Ibram espera segurança jurídica

O Instituto Brasileiro de Mineração (Ibram) avalia que “bilhões de dólares em capital privado” aguardam aval para entrar no Brasil. Parte desses recursos tem sido destinada a outros países, inclusive na América do Sul. “O fato é que o ambiente de insegurança jurídica ainda persiste e as portas do país para o capital estrangeiro seguem emperradas”, disse o Ibram, que representa as mineradoras que atuam no Brasil. 
 
O órgão espera maior segurança jurídica do governo Jair Bolsonaro para empreendedores e investidores, já que o atual cenário de insegurança ocorre devido a mudanças constantes nas regras legais, excesso de taxas e de burocracia e processos de licenciamento ambienta. No caso do licenciamento ambiental, o Ibram ressaltou que o seu instrumento já completou 30 anos de aplicação no Brasil. “Parte do problema está justamente nessa ‘idade’, pois se licencia hoje da mesma forma que se fazia há 30 anos, quando a economia do Brasil era uma fração da atual”, afirmou.

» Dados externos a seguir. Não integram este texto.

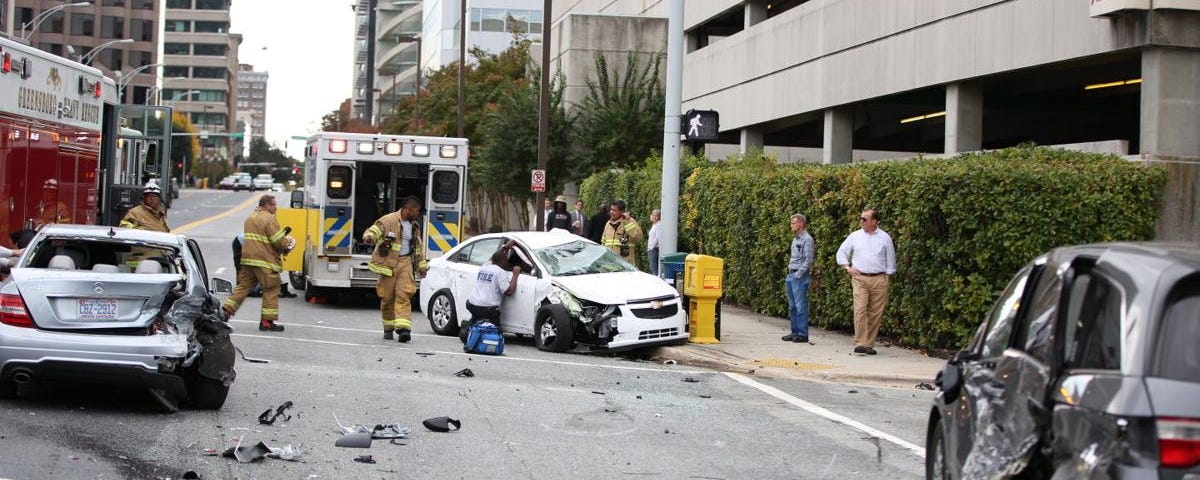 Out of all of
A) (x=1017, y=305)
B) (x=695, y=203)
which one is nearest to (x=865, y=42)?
(x=695, y=203)

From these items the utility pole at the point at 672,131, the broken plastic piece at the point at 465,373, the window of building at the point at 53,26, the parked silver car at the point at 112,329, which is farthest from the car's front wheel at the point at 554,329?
the window of building at the point at 53,26

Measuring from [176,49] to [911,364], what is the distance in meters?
173

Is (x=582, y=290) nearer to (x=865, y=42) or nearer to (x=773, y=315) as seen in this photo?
(x=773, y=315)

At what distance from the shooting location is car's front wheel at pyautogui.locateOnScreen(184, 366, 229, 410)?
10.1 metres

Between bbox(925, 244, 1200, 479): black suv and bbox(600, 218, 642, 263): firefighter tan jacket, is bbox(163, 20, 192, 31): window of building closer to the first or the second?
bbox(600, 218, 642, 263): firefighter tan jacket

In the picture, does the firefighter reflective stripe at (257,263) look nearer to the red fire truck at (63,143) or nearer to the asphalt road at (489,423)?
the asphalt road at (489,423)

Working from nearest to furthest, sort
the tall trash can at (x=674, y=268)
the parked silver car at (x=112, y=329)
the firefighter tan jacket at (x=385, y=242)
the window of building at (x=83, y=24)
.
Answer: the parked silver car at (x=112, y=329)
the firefighter tan jacket at (x=385, y=242)
the tall trash can at (x=674, y=268)
the window of building at (x=83, y=24)

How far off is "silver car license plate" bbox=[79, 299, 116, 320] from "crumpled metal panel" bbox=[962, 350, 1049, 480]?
6469mm

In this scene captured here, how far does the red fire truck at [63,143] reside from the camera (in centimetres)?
1333

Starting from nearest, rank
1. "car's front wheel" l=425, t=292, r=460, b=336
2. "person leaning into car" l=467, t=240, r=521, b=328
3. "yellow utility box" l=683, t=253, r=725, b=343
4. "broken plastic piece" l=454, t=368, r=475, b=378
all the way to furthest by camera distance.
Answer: "broken plastic piece" l=454, t=368, r=475, b=378 < "person leaning into car" l=467, t=240, r=521, b=328 < "yellow utility box" l=683, t=253, r=725, b=343 < "car's front wheel" l=425, t=292, r=460, b=336

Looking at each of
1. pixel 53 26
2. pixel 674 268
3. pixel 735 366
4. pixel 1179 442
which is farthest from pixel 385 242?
pixel 53 26

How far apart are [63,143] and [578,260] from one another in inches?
244

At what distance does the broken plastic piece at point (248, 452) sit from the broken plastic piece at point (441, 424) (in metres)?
1.51

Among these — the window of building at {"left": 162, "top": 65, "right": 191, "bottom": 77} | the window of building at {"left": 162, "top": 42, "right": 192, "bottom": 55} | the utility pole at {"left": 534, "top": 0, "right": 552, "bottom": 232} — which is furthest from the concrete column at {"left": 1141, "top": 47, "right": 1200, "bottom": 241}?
the window of building at {"left": 162, "top": 42, "right": 192, "bottom": 55} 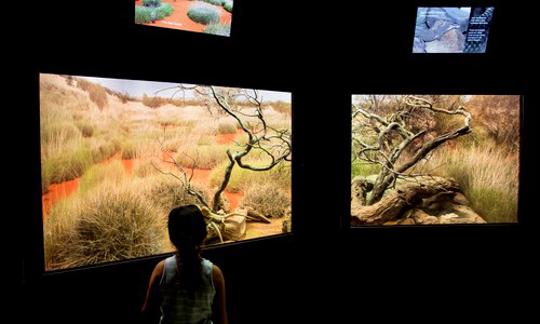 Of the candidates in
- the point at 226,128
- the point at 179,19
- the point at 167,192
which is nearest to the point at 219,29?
the point at 179,19

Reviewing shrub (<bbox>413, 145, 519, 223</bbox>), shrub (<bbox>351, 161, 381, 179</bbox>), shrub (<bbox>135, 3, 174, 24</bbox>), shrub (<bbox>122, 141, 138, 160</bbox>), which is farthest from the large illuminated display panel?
shrub (<bbox>122, 141, 138, 160</bbox>)

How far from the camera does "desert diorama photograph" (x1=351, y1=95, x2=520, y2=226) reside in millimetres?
2787


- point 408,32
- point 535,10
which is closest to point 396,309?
point 408,32

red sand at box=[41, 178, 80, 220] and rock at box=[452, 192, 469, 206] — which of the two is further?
rock at box=[452, 192, 469, 206]

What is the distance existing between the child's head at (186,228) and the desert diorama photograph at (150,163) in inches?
44.8

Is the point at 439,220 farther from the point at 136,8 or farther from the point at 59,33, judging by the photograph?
the point at 59,33

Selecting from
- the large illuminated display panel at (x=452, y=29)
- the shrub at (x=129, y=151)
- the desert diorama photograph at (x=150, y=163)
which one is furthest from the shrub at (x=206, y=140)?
the large illuminated display panel at (x=452, y=29)

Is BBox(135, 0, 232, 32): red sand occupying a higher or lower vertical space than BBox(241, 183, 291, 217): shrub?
higher

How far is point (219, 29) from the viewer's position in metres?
2.52

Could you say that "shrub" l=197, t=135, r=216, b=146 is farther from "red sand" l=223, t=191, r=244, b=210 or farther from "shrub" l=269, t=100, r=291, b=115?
"shrub" l=269, t=100, r=291, b=115

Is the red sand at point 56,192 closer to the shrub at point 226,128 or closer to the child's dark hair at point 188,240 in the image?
the shrub at point 226,128

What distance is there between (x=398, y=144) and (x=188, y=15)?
1866mm

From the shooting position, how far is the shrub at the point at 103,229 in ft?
6.46

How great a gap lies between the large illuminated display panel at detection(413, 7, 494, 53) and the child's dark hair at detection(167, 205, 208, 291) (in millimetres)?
2531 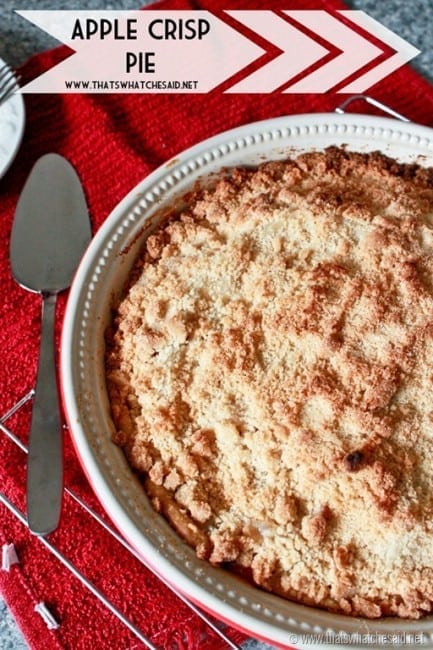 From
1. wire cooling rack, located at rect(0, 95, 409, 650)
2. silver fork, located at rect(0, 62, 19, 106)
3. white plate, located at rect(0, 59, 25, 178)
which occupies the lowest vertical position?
wire cooling rack, located at rect(0, 95, 409, 650)

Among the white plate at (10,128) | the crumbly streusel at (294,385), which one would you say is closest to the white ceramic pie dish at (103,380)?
the crumbly streusel at (294,385)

O órgão afirma também que as normas referentes às unidades de conservação, de preservação permanente e de reservas legais “dificultam o acesso ao território” para o desenvolvimento de todo o potencial da indústria de mineração no Brasil. 
 
Em junho o Ibram projetou investimentos de US$ 19,5 bilhões em mineração para o período 2018/2022, montante 8% superior aos US$ 18 bilhões para o período 2017/2021. O aporte previsto ainda é muito inferior à máxima registrada no período 2012/2016, de US$ 75 bilhões. “Ao afugentar o capital estrangeiro, a insegurança jurídica gera efeitos nefastos na balança comercial”, disse o Ibram, ponderando que, mesmo diante de adversidades, a indústria mineral manteve um nível de produção e exportação suficientes para manter um certo equilíbrio na balança.
 
Durante o governo Michel Temer foram realizadas importantes medidas no setor, como a reforma do código mineral, a criação da Agência Nacional de Mineração (ANM) e a aprovação de novas regras para royalties. O ex-secretário de Geologia, Mineração e Transformação Mineral do Ministério de Minas e Energia (MME), Vicente Lôbo afirma ter deixado relatórios prontos para serem apresentados ao próximo governo e se colocou à disposição para contribuir para a transição, caso seja chamado. “O capital de risco vai escolher os países mais seguros, com estabilidade regulatória. O Brasil não tinha nada disso”, comentou. 
 
Para Lobo, ainda são necessárias mudanças, tais como melhorar a relação do setor com a sociedade e aportes em tecnologia. “A gente construiu uma porta para o futuro em termos de retomada de emprego, perspectiva para o setor mineral, credibilidade internacional, segurança jurídica, estabilidade regulatória, aproximação entre o capital privado e o governo”, afirmou, ponderando que é preciso aprimorar medidas a partir de uma gestão técnica.